Our personal experience with dietitians has been positive for the most part and they have been valuable members of the team. Her goal weight was set by the treatment center she was in, I believe it to be correct, and we told the dietitians what it was and they agreed. So we never let them set a goal weight which was too low, which is a common problem in treatment. My d. is a young adult and for her it is appropriate to see a dietitian but for younger children it may not be. One dietitian we had did try to encourage my daughter to take more control of her eating too soon and it resulted in weight loss, at which time I stepped in and fed her more. 

Anyway, hope this is helpful to someone out there.




Thank you for asking!!!  Wow!

In my dream world, the dietitian would meet with me without my ED-kid.  S/he would ask, "How can I help you?"   I would say, "Please tell my kid that I know what she needs, and that she needs to eat whatever I serve her.  And please call her therapist and direct her to stop talking to my d about anything related to food/calories/weight/size/ shape etc." 

I think every one of us would have a different wish list for our dietitian so it would be great if we could be asked individually.

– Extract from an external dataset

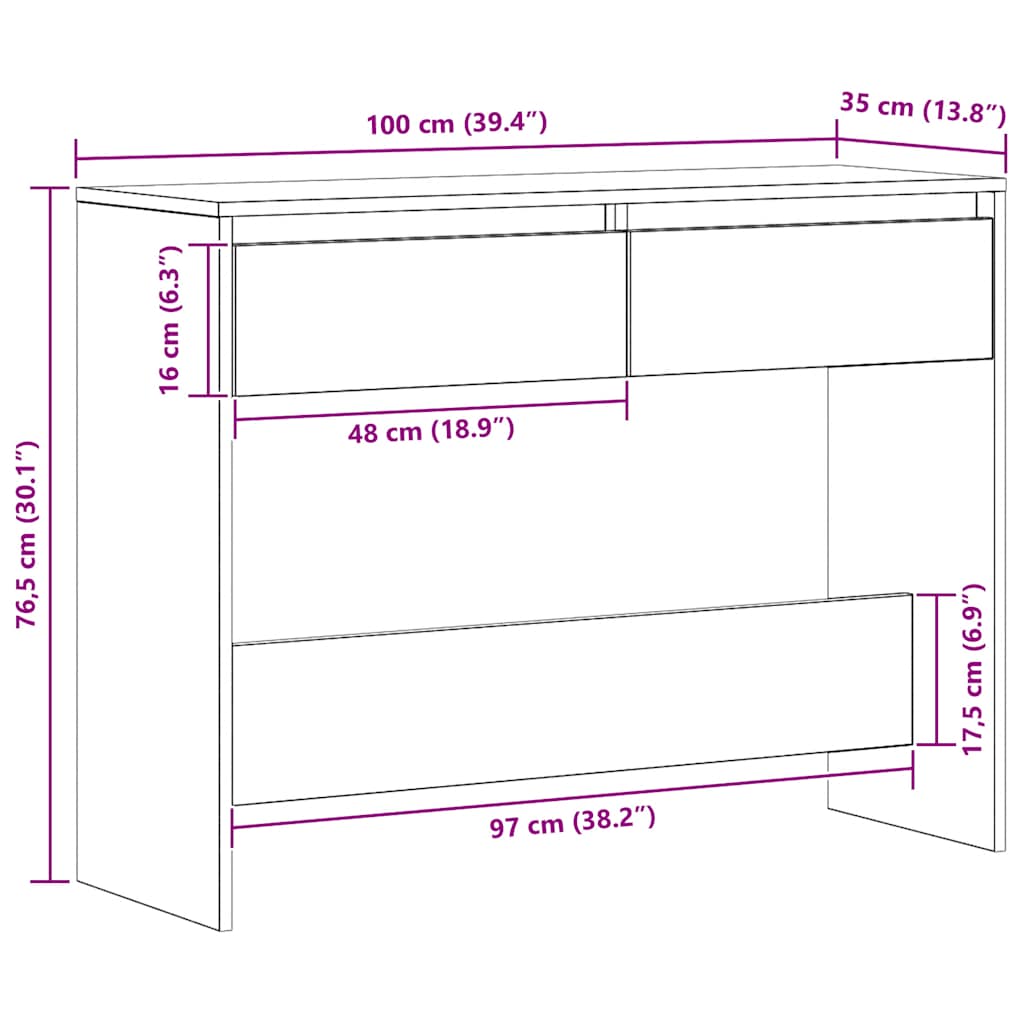 vidaXL Konsolentisch Artisan-Eiche 100x35x76,5 cm Holzwerkstoff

The best help I found was this forum, so it would be great to let people know we are here.

Thank you again for asking.  xx


"We are angels of hope, of healing, and of light. Darkness flees from us." -YP 
mimi321 wrote:
That most will need 3000-3500 calories to gain, and some even more. Whatever the regular formula dietitians use to calculate required energy does not apply to ED kids. Learn about hyper-metabolism. If a parent tells you something in confidence about what they are giving their child, do not tell said child. 

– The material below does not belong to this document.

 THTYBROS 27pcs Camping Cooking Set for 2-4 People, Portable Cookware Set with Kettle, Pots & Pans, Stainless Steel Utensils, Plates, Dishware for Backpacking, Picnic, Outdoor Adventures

A very good point from Mimi321, please understand it is not 'breaking trust' to lace soup with olive oil or add cream to yoghurt, it is done with love in the same way we used to hide medicine in our babies milk or toddlers food, for their own good.
We are charged with keeping our children alive and by doctoring food we do just that, exactly as if it were antibiotics in our toddlers juice.
They need to read the books mentioned above and to understand that AN is a biochemical disease and that the metabolism of an AN patient is totally different to what they learned before.
They need to learn how to make people gain weight and not only to lose weight. Some patients need 6000 calories a day. They need to learn how to put so much calories in a very small amount of foot.
They need to learn how to make people gain weight that does not want to do that.
They should work with the parents. The patient does not need a dietitian in the early days. Later on in recovery it might be helpful.
They should not talk about weight, shape, calories or "healthy food" to patients. There is no unhealthy food for someone who is dying of starvation.

I am sure I will add something tomorrow that I forgot today.
Thanks a lot for asking. I wish some more dietitians would be interested in this disease.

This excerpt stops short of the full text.